What to do> Reproduce exactly the line containing "Satılır Köhnə Tikili Hüseyn Cavid Parkı" and every line after it, through the last line of the records below; add nothing.

Source data
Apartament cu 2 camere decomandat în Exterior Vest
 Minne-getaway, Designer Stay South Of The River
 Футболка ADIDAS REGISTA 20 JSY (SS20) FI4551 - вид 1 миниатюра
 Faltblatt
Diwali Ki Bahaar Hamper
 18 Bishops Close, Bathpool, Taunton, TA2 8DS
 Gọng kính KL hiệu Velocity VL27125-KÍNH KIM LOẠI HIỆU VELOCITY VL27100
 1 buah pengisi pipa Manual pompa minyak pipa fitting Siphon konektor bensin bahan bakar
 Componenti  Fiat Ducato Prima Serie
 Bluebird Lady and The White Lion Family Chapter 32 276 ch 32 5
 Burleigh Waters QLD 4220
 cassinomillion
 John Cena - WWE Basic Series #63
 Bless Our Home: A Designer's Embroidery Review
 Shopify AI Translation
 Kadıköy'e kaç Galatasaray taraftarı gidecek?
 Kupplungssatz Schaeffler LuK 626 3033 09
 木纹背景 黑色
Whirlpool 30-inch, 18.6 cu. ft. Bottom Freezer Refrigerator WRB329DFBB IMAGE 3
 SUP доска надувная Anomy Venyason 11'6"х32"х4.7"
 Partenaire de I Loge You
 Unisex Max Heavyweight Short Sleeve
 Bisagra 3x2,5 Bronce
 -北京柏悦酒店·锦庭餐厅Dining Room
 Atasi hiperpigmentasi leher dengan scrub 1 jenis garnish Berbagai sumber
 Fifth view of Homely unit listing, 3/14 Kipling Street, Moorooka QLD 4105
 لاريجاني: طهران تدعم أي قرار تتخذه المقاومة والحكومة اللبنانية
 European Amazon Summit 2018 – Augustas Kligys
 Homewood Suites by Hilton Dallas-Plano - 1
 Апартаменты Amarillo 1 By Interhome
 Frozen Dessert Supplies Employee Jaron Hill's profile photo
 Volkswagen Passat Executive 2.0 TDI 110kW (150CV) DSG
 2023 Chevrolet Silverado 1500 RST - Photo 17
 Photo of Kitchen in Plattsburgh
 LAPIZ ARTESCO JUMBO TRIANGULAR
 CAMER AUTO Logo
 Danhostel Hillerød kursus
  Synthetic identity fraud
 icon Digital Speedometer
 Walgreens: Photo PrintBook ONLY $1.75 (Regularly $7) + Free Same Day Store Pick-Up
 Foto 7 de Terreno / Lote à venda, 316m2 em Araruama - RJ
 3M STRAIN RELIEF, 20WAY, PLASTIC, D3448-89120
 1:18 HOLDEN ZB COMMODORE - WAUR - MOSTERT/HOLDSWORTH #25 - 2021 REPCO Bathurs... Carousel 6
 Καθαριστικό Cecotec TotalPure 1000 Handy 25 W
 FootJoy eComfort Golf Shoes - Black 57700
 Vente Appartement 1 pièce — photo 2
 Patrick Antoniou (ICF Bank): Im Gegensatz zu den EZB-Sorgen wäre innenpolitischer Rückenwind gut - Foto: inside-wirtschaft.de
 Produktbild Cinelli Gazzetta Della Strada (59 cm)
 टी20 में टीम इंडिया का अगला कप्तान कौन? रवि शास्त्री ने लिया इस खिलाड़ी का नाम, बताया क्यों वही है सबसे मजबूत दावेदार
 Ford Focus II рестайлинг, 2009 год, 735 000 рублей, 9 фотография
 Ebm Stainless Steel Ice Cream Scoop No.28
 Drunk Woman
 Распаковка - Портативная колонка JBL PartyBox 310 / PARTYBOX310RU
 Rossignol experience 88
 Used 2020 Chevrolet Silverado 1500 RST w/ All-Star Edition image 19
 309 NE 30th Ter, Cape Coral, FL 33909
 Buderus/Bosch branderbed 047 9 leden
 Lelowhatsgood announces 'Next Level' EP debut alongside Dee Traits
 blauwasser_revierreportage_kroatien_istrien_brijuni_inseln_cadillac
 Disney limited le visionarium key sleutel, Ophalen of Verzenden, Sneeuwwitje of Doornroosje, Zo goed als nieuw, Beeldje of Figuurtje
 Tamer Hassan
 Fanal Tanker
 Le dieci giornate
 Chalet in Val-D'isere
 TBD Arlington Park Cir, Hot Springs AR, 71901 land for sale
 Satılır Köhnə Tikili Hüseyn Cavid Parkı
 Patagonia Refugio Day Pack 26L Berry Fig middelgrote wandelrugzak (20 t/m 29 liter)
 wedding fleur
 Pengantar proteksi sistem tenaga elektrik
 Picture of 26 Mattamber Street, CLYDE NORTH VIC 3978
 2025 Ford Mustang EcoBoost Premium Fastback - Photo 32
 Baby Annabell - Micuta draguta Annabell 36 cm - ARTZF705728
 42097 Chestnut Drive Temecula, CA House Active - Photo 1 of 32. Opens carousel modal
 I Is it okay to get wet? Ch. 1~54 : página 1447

The completed task>
 Satılır Köhnə Tikili Hüseyn Cavid Parkı
 Patagonia Refugio Day Pack 26L Berry Fig middelgrote wandelrugzak (20 t/m 29 liter)
 wedding fleur
 Pengantar proteksi sistem tenaga elektrik
 Picture of 26 Mattamber Street, CLYDE NORTH VIC 3978
 2025 Ford Mustang EcoBoost Premium Fastback - Photo 32
 Baby Annabell - Micuta draguta Annabell 36 cm - ARTZF705728
 42097 Chestnut Drive Temecula, CA House Active - Photo 1 of 32. Opens carousel modal
 I Is it okay to get wet? Ch. 1~54 : página 1447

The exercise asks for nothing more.